Да, цунами, бесспорно, было: следы его найдены и на Крите, и на других островах. Но насколько губительным оно могло оказаться для минойской цивилизации? Дело в том, что цунами многократно усиливается, если попадает в клинообразные бухты с широким входом (именно такие бухты были на Яве и Суматре). Вблизи же прямого, малоизрезанного берега Крита разрушительные свойства гигантской волны могли быть слабее.
О силе цунами при извержении Тиры-Санторина судят по находке пемзы на острове Анафи, что в 25 километрах к востоку от Санторина. Волна занесла пемзу на холм высотой 250 метров! Но вот что удивительно: эта пемза лежала на восточном, дальнем от Санторина берегу Анафи, а на западном берегу слой пемзы был обнаружен всего в шести метрах выше уровня моря.
Это парадоксальное обстоятельство означает, скорее всего, что 250-метровая волна была результатом сложения как минимум двух волн.
Я говорил в Москве со специалистами-физиками. Цунами, пройдя 120 километров от Санторина до Крита, могло ослабнуть в 15-20 раз. Следовательно, высота волны у северных берегов Крита могла не превысить шести-восьми метров, что не представляет опасности для цивилизаций, даже древних.
— Значит, люди и города Крита могли уцелеть? — задумчиво сказала Биргит. — А как же Атлантида? Она-то погибла.

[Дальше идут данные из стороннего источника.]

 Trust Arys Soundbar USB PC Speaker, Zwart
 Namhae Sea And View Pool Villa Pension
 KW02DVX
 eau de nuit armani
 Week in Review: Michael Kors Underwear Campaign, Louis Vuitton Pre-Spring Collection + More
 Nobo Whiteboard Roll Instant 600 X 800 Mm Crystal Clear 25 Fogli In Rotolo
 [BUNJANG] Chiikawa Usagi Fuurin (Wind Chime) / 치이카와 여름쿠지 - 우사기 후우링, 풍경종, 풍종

— Платон загипнотизировал нас всех. Но сами-то вы верите в конец света? — спросил я.
— Не верю, — девушка засмеялась. — Поэтому, наверное, и живу на вулкане.
— И минойцы тоже не верили. Это был удивительно жизнерадостный и жизнестойкий народ. И судьба хранила его — не для того же, чтобы он исчез без следа!

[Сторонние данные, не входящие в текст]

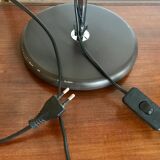 Vintage eyeball lamp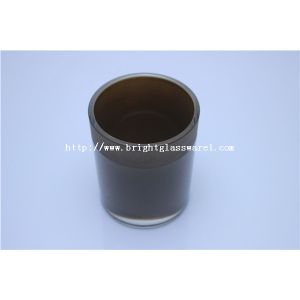 best quality design glass candle holder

Я попал на остров Неа-Каменеи из-за того, что служащие Акротири устроили забастовку. Раскопки были временно закрыты, я слонялся по крохотному причалу у подножия красных скал и увидел катер. Несколько человек поднимались на борт. Капитан приветственно махнул рукой...

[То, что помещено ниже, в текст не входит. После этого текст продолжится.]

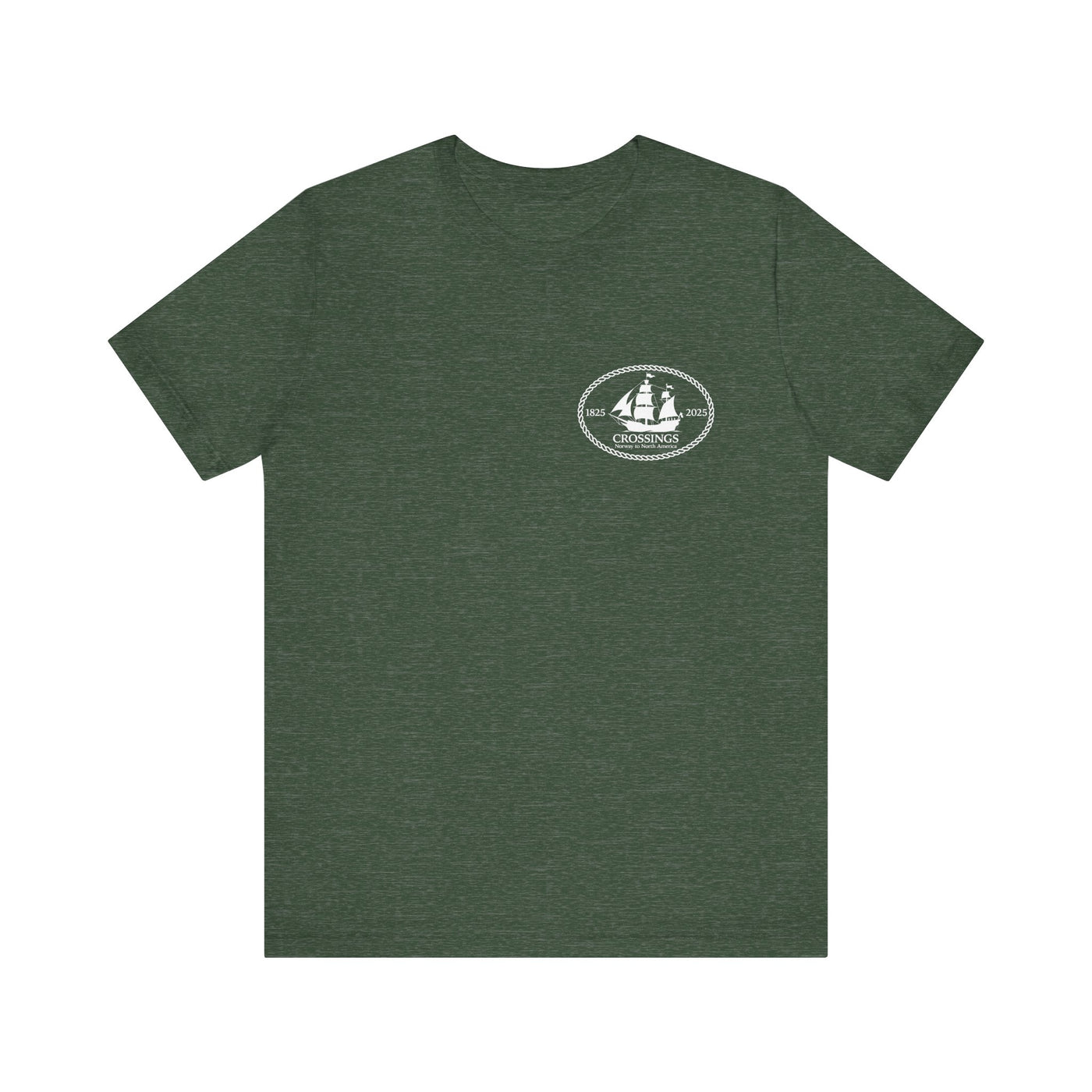 Crossings 200 Anniversary Unisex T-Shirt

Черный лавовый «паук» медленно разбухал прямо по курсу. Лет триста назад на его месте свободно катились волны. А потом... Потом произошло то, о чем писал в своем дневнике французский монах-иезуит.
...Утром 18 мая 1707 года моряки увидели посреди санторинской бухты что-то черное, выступающее из-под воды. Они решили, что это останки затонувшего судна, и поспешили туда, но... напоролись на скалы. Так впервые Неа-Каменеи показался на поверхности.